On 19 September, Minister of Science, Technology and Innovation Khairy Jamaluddin announced that Malaysia would join the COVID-19 Vaccine Global Access (COVAX) Facility, a global partnership that aims to support the development of a vaccine against the coronavirus and share access to it.
Khairy who is leading the government’s efforts to identify and secure COVID-19 vaccines, later provided reassurance through his public statements that he was also exploring other options, including directly negotiating with relevant pharmaceutical companies which are currently spearheading the race to develop a vaccine.
This is an unprecedented move. Rarely has there been any other endeavour in the history of healthcare, where governments around the world are frantically trying to secure stocks of a vaccine which does not yet exist.
But it is a necessary effort and the right decision to make. What the Minister is doing and the government’s decision on COVAX ensures that Malaysia will have the necessary vaccine stocks to protect the most vulnerable in its population.
However, in spite of these efforts, it will not be a straightforward journey from the development and manufacturing of a safe and effective vaccine, to its deployment into the Malaysian population.
Through Malaysia’s participation in the COVAX initiative, we will help fund development of at least three safe and effective vaccines and therefore guaranteed access to the portfolio of vaccines, negotiate as part of a global consortium hence bringing down prices through economies of scale and pool procurement, and work with those in the international community to ensure fair and equitable access for populations who can’t afford the vaccine. Through this initiative, countries will stand the best chance at protecting the most vulnerable members of their populations.
In a nutshell, this is what the COVAX initiative is all about.
It is sometimes difficult to predict which vaccines will be successful. Even when a candidate vaccine produces a positive response in some people, it may result in adverse reactions in others, causing it to fail. In fact, many of the more than 160 candidates will fail.
The best chance of success for any country to secure a vaccine is to participate in an endeavour which diversifies and broadens access across a broad portfolio of possible vaccine candidates. A form of “insurance”, spreading risk and pooling resources.
There is no guarantee that going it alone and depending on separate bilateral deals will produce better results, in fact it might be a disadvantage. Instead of benefiting from being part of a collective, countries might instead be left out altogether and be among the last to get the vaccine when it becomes available.
Malaysia is not the United States or China who are able to independently fund, develop and produce their own vaccines for their own population. We need to work with others to meet our acute needs.
However, participation in the COVAX initiative comes at a price.
As the third richest country in Southeast Asia, classified as an upper middle-income economy with a GNI per capita of US$11,200 (as of 2019), Malaysia will be expected to be a self-financing participant similar to that of Singapore.
To cover 20 percent of the population or 6.4 million people on a two-dose regimen, Malaysia would be required to make payment of US$135.04 million (RM558.46 million). It would comprise an initial down payment of US$20.48 million (RM84.7 million) followed by a financial guarantee of US$115.46 million (RM473.76 million).
To reserve its vaccine stock, participating countries must make upfront payments and financial guarantees by this coming October 9
The vaccine for the 20 percent would be for people considered most vulnerable to infection as well as those working on front-line services such as healthcare professionals, security forces, and sanitation workers. The remaining 80 percent will have to procure the vaccine through alternative bilateral arrangements, government subsidisation, and the private sector.

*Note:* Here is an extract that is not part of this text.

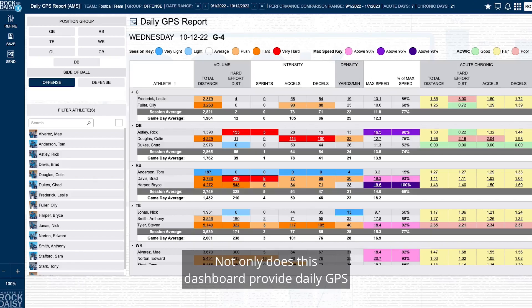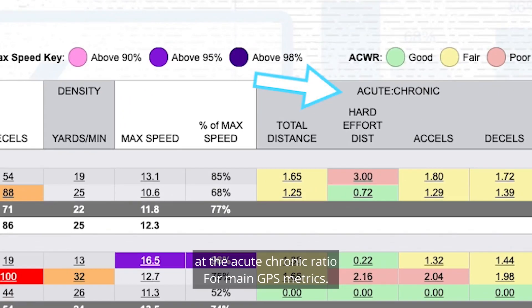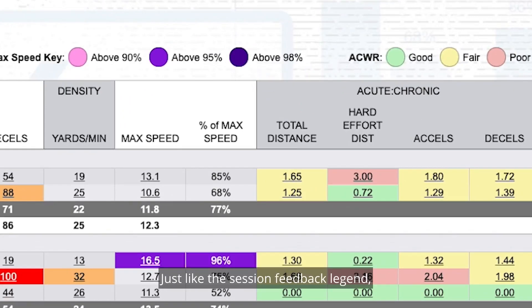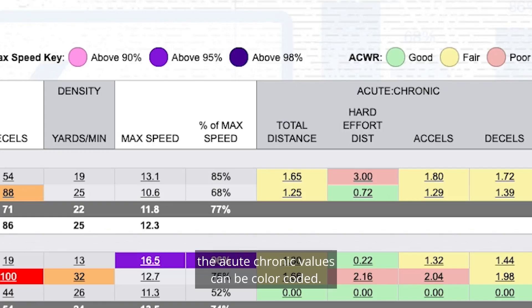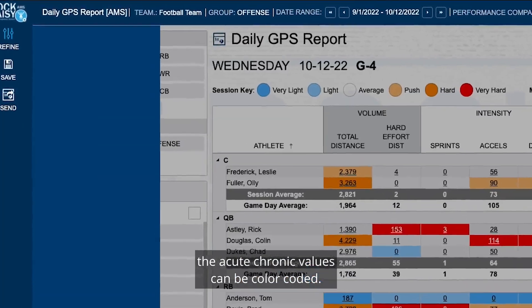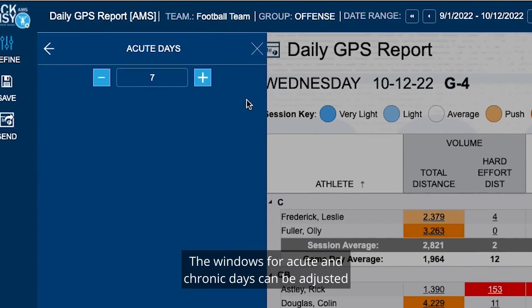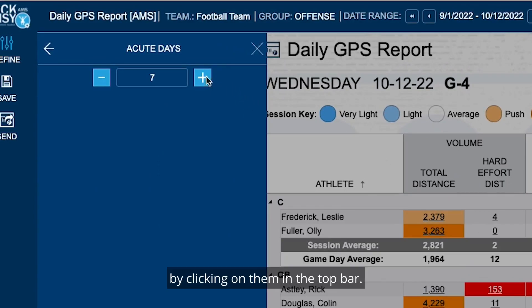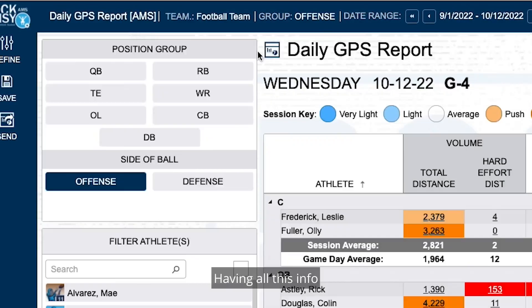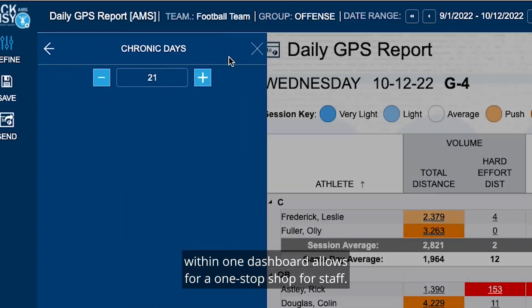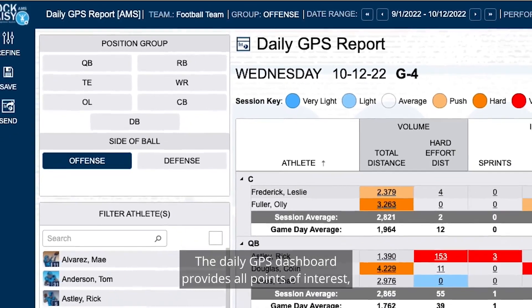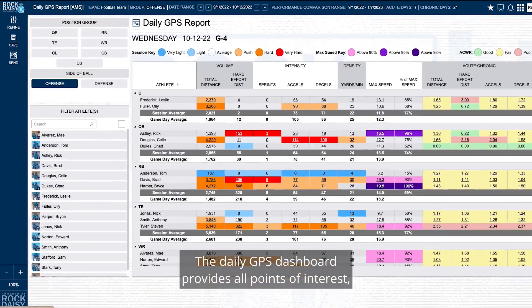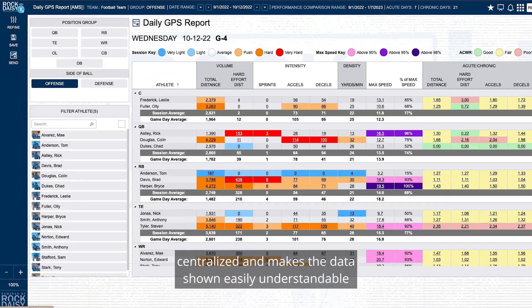Not only does this dashboard provide daily GPS metric feedback, but it also looks at the acute chronic ratio for main GPS metrics. Just like the session feedback legend, the acute chronic values can be color coded. The windows for acute and chronic days can be adjusted by clicking on them in the top bar. Having all this info within one dashboard allows for a one-stop shop for staff. The daily GPS dashboard provides all points of interest centralized and makes the data shown easily understandable with the use of legends.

Under COVAX’s Committed Purchase arrangement, an all-inclusive price of US$10.55 (RM44) per dose, or US$21.10 (RM88) per person for two dosages.
Compare this to China’s Sinopharm’s experimental coronavirus vaccine at US$145 per person or US$72.50 per dose, which is almost seven times higher than that of COVAX.
With shrinking national budgets, increasing deficits, demands for welfare assistance, and economies which are struggling to recover from month long lock-downs and harsh restrictive measures, investing in the unknown is a difficult decision to make.
Nevertheless, however hard, Malaysia must find the funds to finance this participation as well as other plans which work to ensure that Malaysians are able to access a safe and effective vaccine in the near future. Undoubtedly, difficult decisions will have to be made.
We need everyone and every country to get onboard and work together. Only then can we ensure that populations can be protected, and borders restrictions lifted so that economies can reopen and rebuild, movement between countries safely resume, families reunited, and life going back to what it was before the outbreak.
Most of the world’s nations have already joined COVAX, which is co-led by the World Health Organisation, the Coalition for Epidemic Preparedness Innovations, and Gavi, the Vaccine Alliance.
Being involved in COVAX is more than just about the vaccine. It is about being part of a global effort to put into place a transparent, accountable, and predictable framework which is working towards ensuring equitable access to an eventual vaccine. It will help build confidence in the economies participating in and benefiting from the initiative.
The COVID-19 pandemic is a public health emergency that requires collective global solidarity, empathy and cooperation, beyond our borders. We cannot afford to not do our part to protect ourselves and others.
No one is safe until we are all safe.